WHAT THE TASK ASKS - Your task is to write out the lines from the line containing "Apartman Just Urban" through the last line of the material, exactly.

RECORDS SHOWN -
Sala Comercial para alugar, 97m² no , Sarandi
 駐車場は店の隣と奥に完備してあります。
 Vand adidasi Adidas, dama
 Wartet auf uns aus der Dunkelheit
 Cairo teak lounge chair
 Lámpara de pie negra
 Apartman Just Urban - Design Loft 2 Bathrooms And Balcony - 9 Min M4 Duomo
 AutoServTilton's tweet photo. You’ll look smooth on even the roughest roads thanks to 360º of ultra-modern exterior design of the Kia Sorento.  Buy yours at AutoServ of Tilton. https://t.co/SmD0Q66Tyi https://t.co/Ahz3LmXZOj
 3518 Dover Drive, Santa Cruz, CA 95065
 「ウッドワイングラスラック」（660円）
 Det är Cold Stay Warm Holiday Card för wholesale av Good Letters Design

RESPONSE TO THE TASK -
 Apartman Just Urban - Design Loft 2 Bathrooms And Balcony - 9 Min M4 Duomo
 AutoServTilton's tweet photo. You’ll look smooth on even the roughest roads thanks to 360º of ultra-modern exterior design of the Kia Sorento.  Buy yours at AutoServ of Tilton. https://t.co/SmD0Q66Tyi https://t.co/Ahz3LmXZOj
 3518 Dover Drive, Santa Cruz, CA 95065
 「ウッドワイングラスラック」（660円）
 Det är Cold Stay Warm Holiday Card för wholesale av Good Letters Design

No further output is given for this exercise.